横浜スタジアムは現在、増改築工事を行っております。日本を代表する競技が野球。その野球・ソフトボール競技のメイン会場に選ばれ、多くのお客様を迎えるための増改築は、横浜という町に溶け込むものであり、歴史を感じられるものにしたいと考えてます。

スタジアムは設立から今年で満40年を迎えます。159年前に横浜が開港して、明治維新150周年。横浜の真ん中にできた彼我(ひが)公園、それが横浜公園となって野球場ができた。34年にはベーブ・ルースや、ルー・ゲーリッグがやってきた。そうやって他の文化とのぶつかり合いの中で、日本が米国から野球を取り入れ、日本人の文化として育ててきたことを象徴する球場なんです。明治以来、伝統をずっと背負ってきたことを、世界に発信していきたい。

改修にはいろいろな制約とアイデアがありました。現在、DeNAが運営させていただいておりますが、スタジアムは横浜市のものであり、市民のもの。関内という街並みにマッチしないといけない。横浜市都市美対策審議会のご意見を聞きながら、細部にまでこだわって、40年たった原型を生かし、シャープで緑を大事にしたデザインになってます。横浜のコロッセオ(ローマ)であり、凱旋(がいせん)門(パリ)にしていく。
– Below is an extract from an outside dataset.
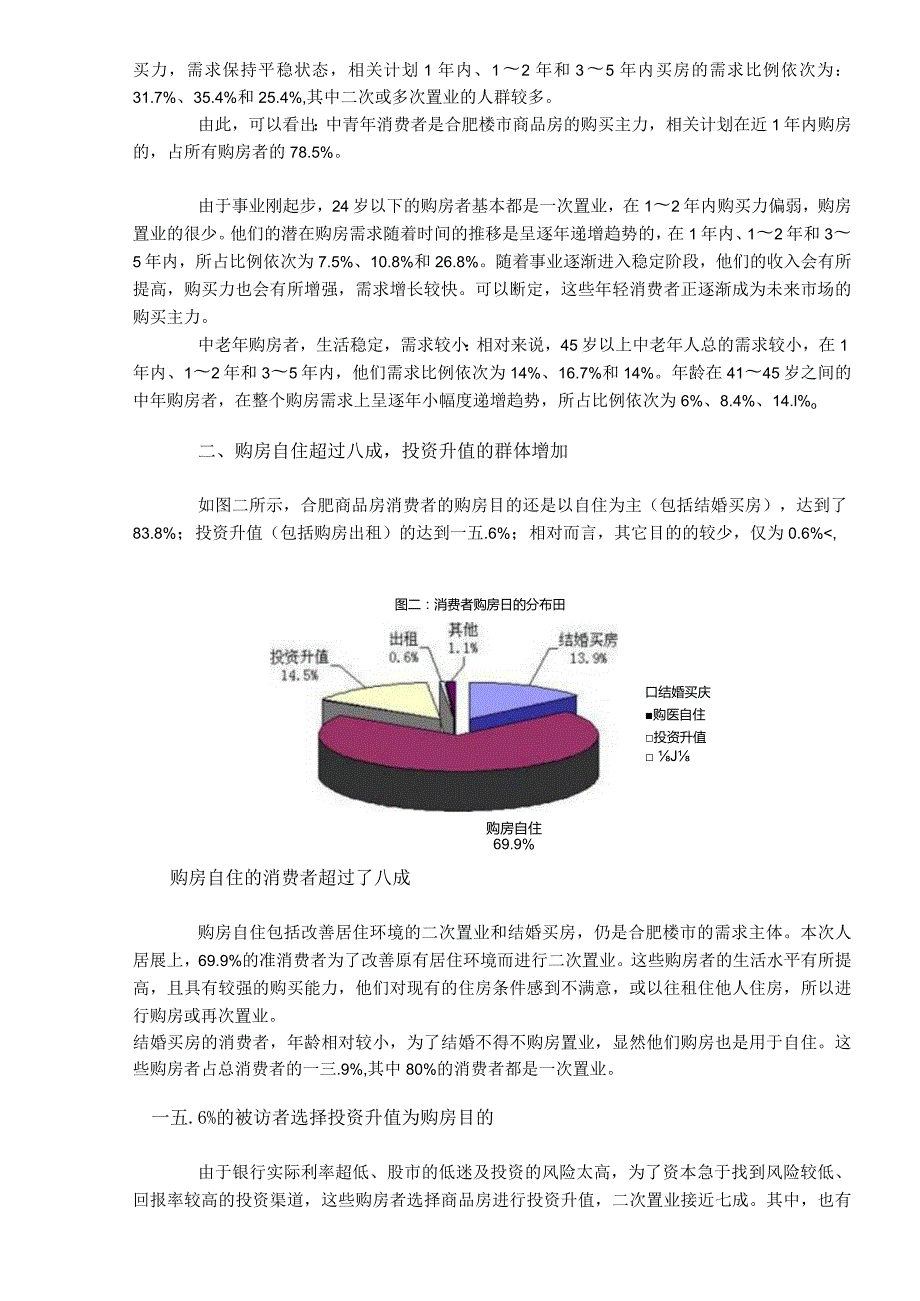 XX地住宅消费调研报告.docx_第2页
そのために、20年東京五輪は出発点と捉えています。365日、町とつながった日本を代表する屋外球場として、世界に認知され横浜、神奈川、日本全国の人にもあらためて見直してもらう重要な年。5年後の25年は、国がスポーツを成長産業として拡大する目標を掲げている年です。横浜ではスポーツ産業がこんな未来になるんだと描き、新スタジアムを生かした都市空間が成熟するのが25年。大桟橋から日本大通り、横浜公園、関内に向けた軸の中で、うねりを起こしていく。人、もの、情報、お金がもっと流通して、次世代にバトンタッチできるようにする。

そしてベイスターズを再認識してもらう。スポーツである以上、勝利、他者に対する優越はどこかで得たい。願わくば五輪の前後にベイスターズの力を発揮し、侍ジャパンに選手が選ばれる。具体的には筒香が日本の4番になってくれたらいいですね。ドッシリとしていて迫力があり、すべてを背負えるあんな4番らしい4番はいない。日本の誇りだけでなく横浜の誇りとしても、最大限の成果を出してほしい。

五輪を契機に新しい価値を創造する。その拠点が横浜で、中心が横浜スタジアム。五輪の年がそのスタートなんです。